Cape Evans – February 27th, 2017

During the night, we reposition across the McMurdo Sound to Ross Island, aiming for Cape Evans on the foot of Mount Erebus. This is where Captain Scott had his hut built during his final expedition, with the famous ship Terra Nova.

There is not much to be seen of Mount Erebus today, its mighty silhouette remains hidden in the clouds today. The stiff southerly breeze brings somewhat mixed feelings, but at least the landing site is on the northern side of Cape Evans. Offshore winds are always good for Zodiac landings, or rather, at least not as bad as onshore winds.

It was a bit of an operation to get the Zodiacs ready. We, the guide team, board the first boat with some scepticism, to have a look at everything from waterlevel. The beach as such is fine, the peninsula gives nice shelter from wind and waves from this direction. Well, the beach is not the problem. And we are certainly willing to accept the Zodiac ride, which is long, wet and very, very cold. But the transition from the ship to the Zodiac is challenging in these conditions.
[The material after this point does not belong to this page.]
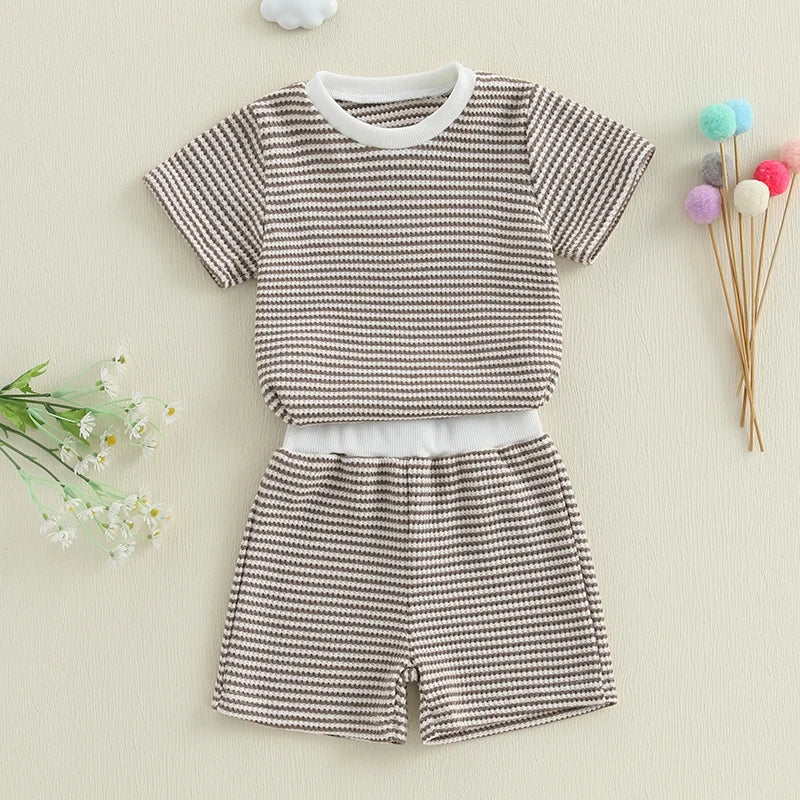 Baby Toddler Girl Boys 2Pcs Summer Outfit Waffle Striped Short Sleeve T-shirt Top Elastic Waist Shorts Set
I observe it for a while, and as the Captain promises to use the ship to create a sheltered position at the gangway, I make a decision: let’s go. Keep a good eye on wind and weather and on the situation at the gangway, be ready to abort the operation at any time, and not too many people on shore at any one time, in case we need to get everybody back to the ship in a hurry. All these thoughts and some more go through my head in such a moment.

Soon, there are things to be done. The magical moment to open the door to Scott’s hut and enter the hallowed halls, where every board in the wall, every cup on the cupboard and every glass on the laboratory table still breathe the spirit of 1911.
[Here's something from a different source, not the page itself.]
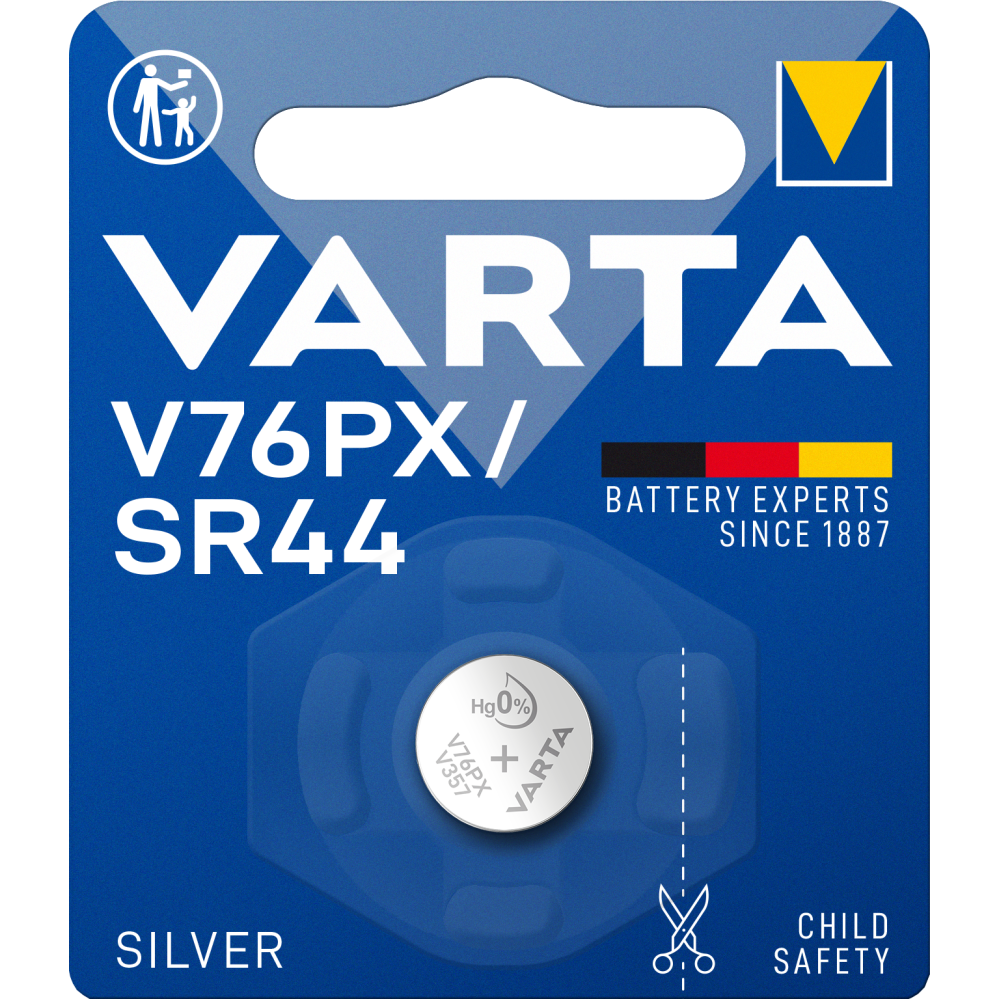 VARTA SILVER Coin V76PX/SR44 Knopfzelle Blister 1 Batterie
Ice-encrusted yetis step out of the Zodiacs one by one. At the entrance to the hut, ice and snow are removed from clothes and sand and gravel from boots, and we have small groups entering the hut, while others take a little walk to the cross on Wind Vane Hill. The cross is a memorial for the three men of Shackleton’s Ross Sea party who were lost during the 1914-17 expedition with Aurora. Then we have Zodiacs circulating again, taking people back to the ship, most of them probably ready for a hot shower and a hot chocolate, and bringing others here who are keen to make the pilgrimage to this famous place.

Meanwhile, the ship is closer to the shore, making the Zodiac ride considerably shorter, and the wind has lost some strength. Things are getting a bit more relaxed, everything is working well. Finally, we can lock the door again and leave it all behind. After Taylor Valley yesterday, with Cape Evans we have been successful with another one of the big places in McMurdo Sound. (Click here for a virtual visit to Scott’s Terra Nova hut at Cape Evans).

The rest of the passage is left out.